Vielleicht sieht, wer diesen Erfolgroman gelesen hat, dessen Verfilmung durch Sven Taddicken, der mit 2 weiteren Koautoren auch das Drehbuch geschrieben hat, mit anderen Augen.

Für mich sind jedenfalls die angeführten Beschreibungen mit dem, was ich im Film gesehen habe, nicht in Deckung zu bringen. Hier sehe ich gestörte Charaktere, die in vielen Dialogen und ab und an etwas Blut, die Liebe zerreden und zerreden, sehr gepflegt zerreden. Von gleißendem Glück keine Spur. Auch nicht im Kopf. Denn die Liebe wird im Kopf gemacht, wird im Kopf vorbereitet.

Martina Gedeck als Helene Brindel ist verheiratet mit Johannes Krisch als Christoph Brindel. Sie scheinen keine Kinder zu haben, für ihn ist die Ehe eine Gewohnheit. Er rastet schnell aus und verletzt seine Frau körperlich. Sie kann nachts nicht schlafen, wälzt sich auf dem Boden in ihrem großzügigen Haus, strahlt Depression aus und auf den Tonspur kommt ein Mix aus TV-Tönen. Sie strahlt das Dunkle, Böse, Paranoide einer verstörten, manischen Frau aus, so gut und so überzeugend, dass wirklich keine Freude aufkommen kann.

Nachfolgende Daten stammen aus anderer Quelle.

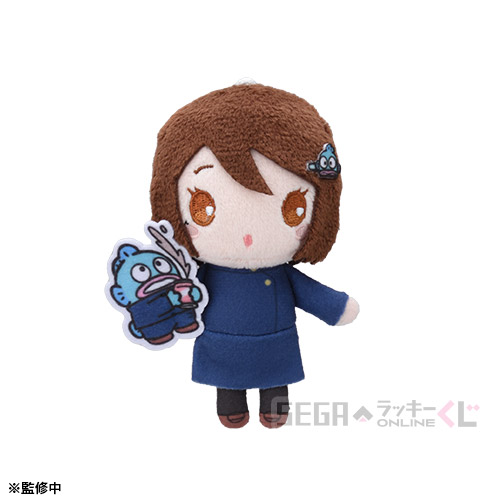 D賞-3 ぬいぐるみマスコット 家入硝子×ハンギョドン [約10×6cm]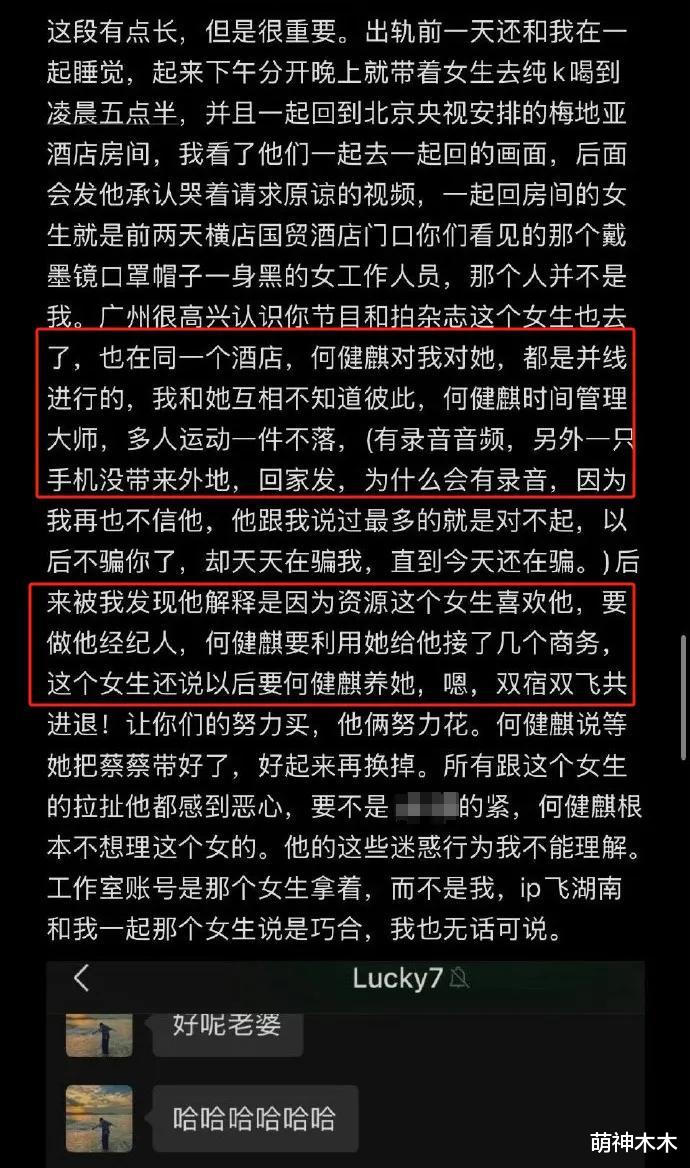 短剧男神何健麒塌房！前女友控诉其出轨玩多人运动，于正火速换角
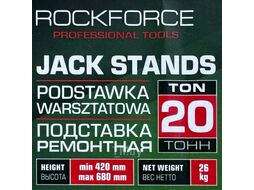 Домкрат-подставка ремонтная механическая винтовая 20т RockFORCE RF-TZ200011-GS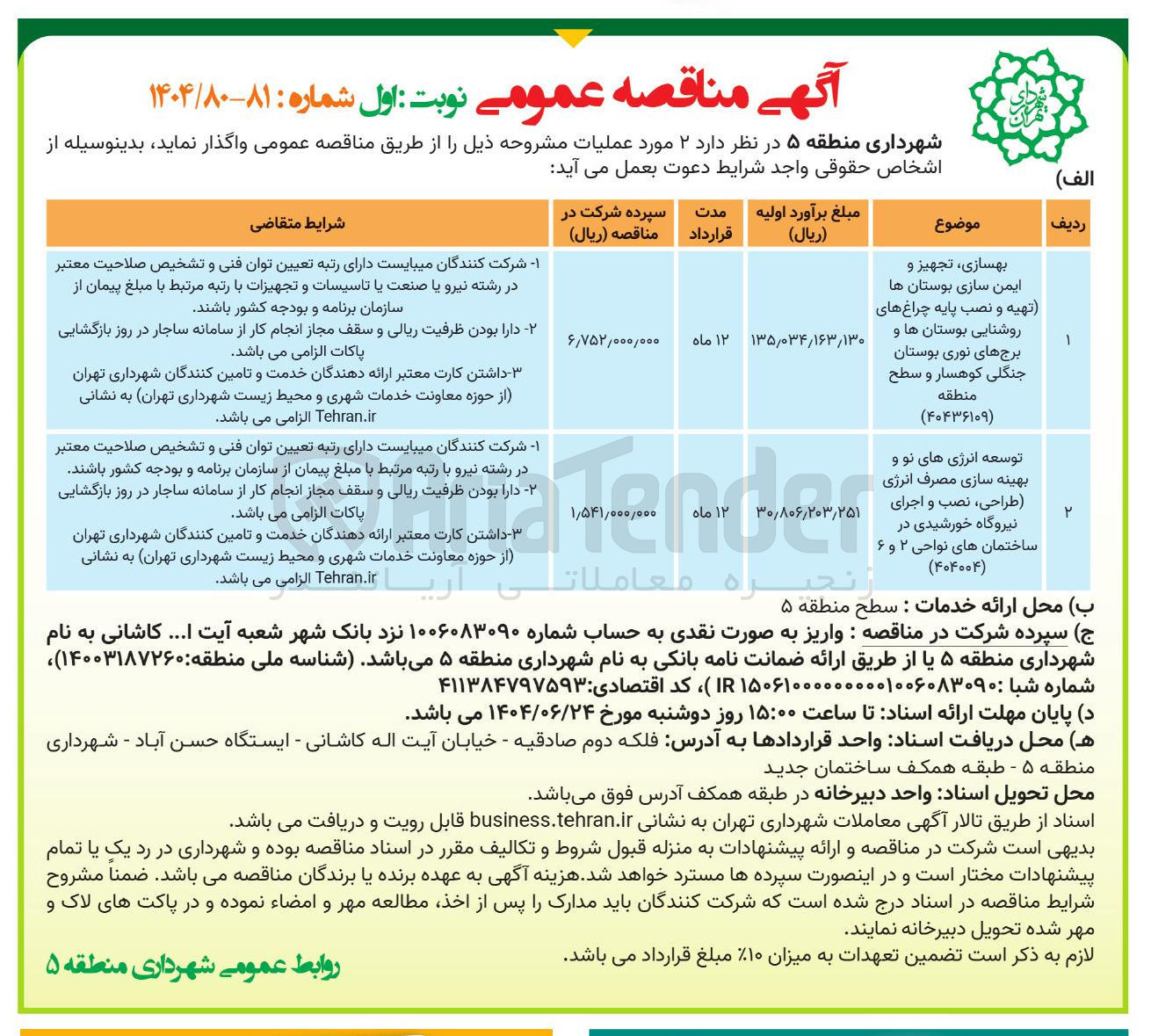 تصویر کوچک آگهی توسعه انرژی های نو و بهینه سازی مصرف انرژی طراحی ، نصب و اجرای نیروگاه خورشیدی در ساختمان های نواحی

Martina Gedeck spielt weiter die Gestörte aus der Wand. Sie entdeckt den Wissenschaftler Eduard E. Gluck, der ein Buch Neue Kybernetik geschrieben hat, das mit der Ehe und Paaren und Sex zu tun hat und als Begründungsmuster für die Liebe auf physisch-physiologische, ja chemische Prozesse zurückgreift – was der Behauptung von Helene, sie habe Gott verloren, recht gibt.

Helen reist dem Kybernetik-Wissenschaftler (Ulrich Tukur) nach Hamburg nach, spricht ihn an. Sie treffen sich und führen nun seitensprungweise platonische, aber ziemlich verklemmte Dialoge, sie macht auf ihr Leiden, das sie glaubwürdig spielt, aufmerksam, während Tukur überzeugend den Wissenschaftler gibt, der nie ganz bei der Sache ist, sich aber auf eine der ersten Bemerkungen von ihr gleich die Haare schneiden lässt.

Geht es um Paartherapie? Oder wie ein Bild gegen Ende zeigt, gar um Psi-Kräfte und dann noch um einen letzten Stream-of-Consciousness?

Der Film ist in Kapitel eingeteilt, die darlegen, um welch papierenen Wust es sich beim Drehbuch handelt. Es geht um die Frage, Wo bist Du?, um Neue Kybernetik, modernen finnischen Tanz, Paraphilie, Rekonditionierung, so weit wirkt der Film wie ein Ehe- oder Lebensberatungsstück in der Art von Volkshochschulverständlichkeit, es gibt aber auch den langen Zwischentitel “Die Ehe ist eine Brücke, die man täglich neu bauen muss, am besten von beiden Seiten“ und es geht nach einem Zwischenabstecher „Berlin“ mit „Und dein Wille geschehe“ dem Ende zu; da hat sie Gott wieder gefunden – oder das gleißende Glück, das sich der Zuschauer hier schon selber ausmalen muss. Oder sieht er es als solches, wenn Martin Gedeck Striptease vor Tukur macht und er ihr die Mösenhaare rasieren darf? Die Schauspieler tragen das mit angestrengter Konzentration vor.

Gedeck zelebriert gekonnt ihr Unglück. Es geht um Märtyrer, den Glauben, spirituelle Erfahrungen und religiöse Gefühle und ob das alles nur Chemie sei. Gedeck spielt einen ziemlich schweren Fall in einem ernsthaft seriösen, todernsten Eheberatungsfilm. Eher: lähmende denn gleißende Liebe dank der dunklen Strahlen von Martina Gedeck.